══ Listed records
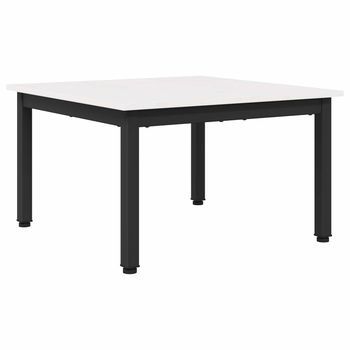 Mesa De Centro 60x60x36 Cm Madera - Blanco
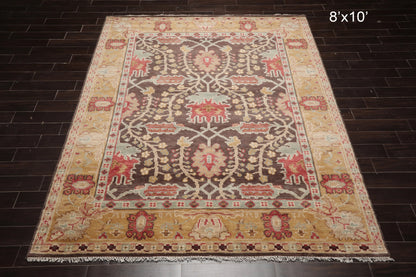 Multi Sizes Hand Knotted LoomBloom Muted Turkish Oushak 100% Wool Traditional  Oriental Area Rug Brown,Mustard Color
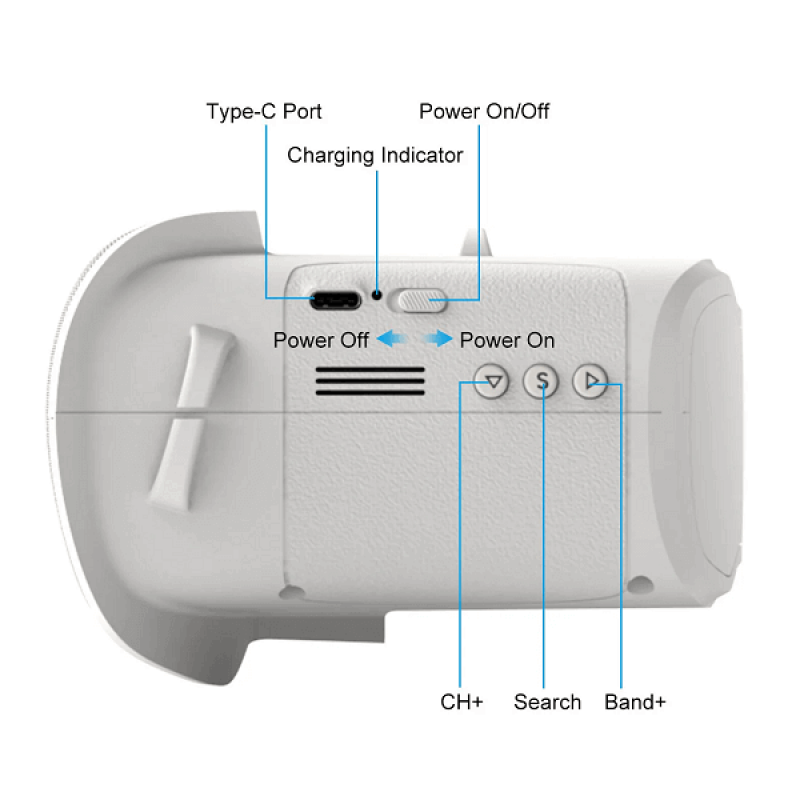 Окуляри FPV BETAFPV VR02 для квадрокоптерів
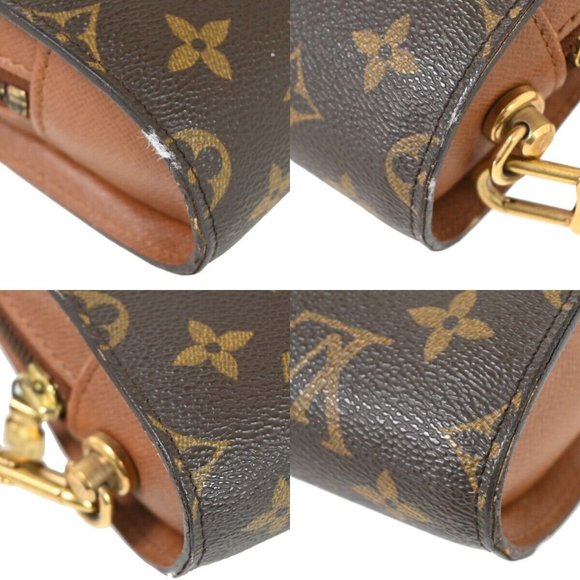 LOUIS VUITTON Orsay Clutch Hand Bag Monogram Leather Brown France - Picture 6 of 15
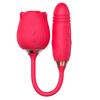 Hot-Selling Vibrator: 2nd-4th Gen Double-Head Tongue Licking, Sucking, Telescopic Stick with Floral Design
════
Your objective
Beginning with the line that contains "Multi Sizes Hand" and ending with the final line of the entries, every line must be copied exactly; the pictures must not.

Exercise result
 Multi Sizes Hand Knotted LoomBloom Muted Turkish Oushak 100% Wool Traditional  Oriental Area Rug Brown,Mustard Color
 Окуляри FPV BETAFPV VR02 для квадрокоптерів
 LOUIS VUITTON Orsay Clutch Hand Bag Monogram Leather Brown France - Picture 6 of 15
 Hot-Selling Vibrator: 2nd-4th Gen Double-Head Tongue Licking, Sucking, Telescopic Stick with Floral Design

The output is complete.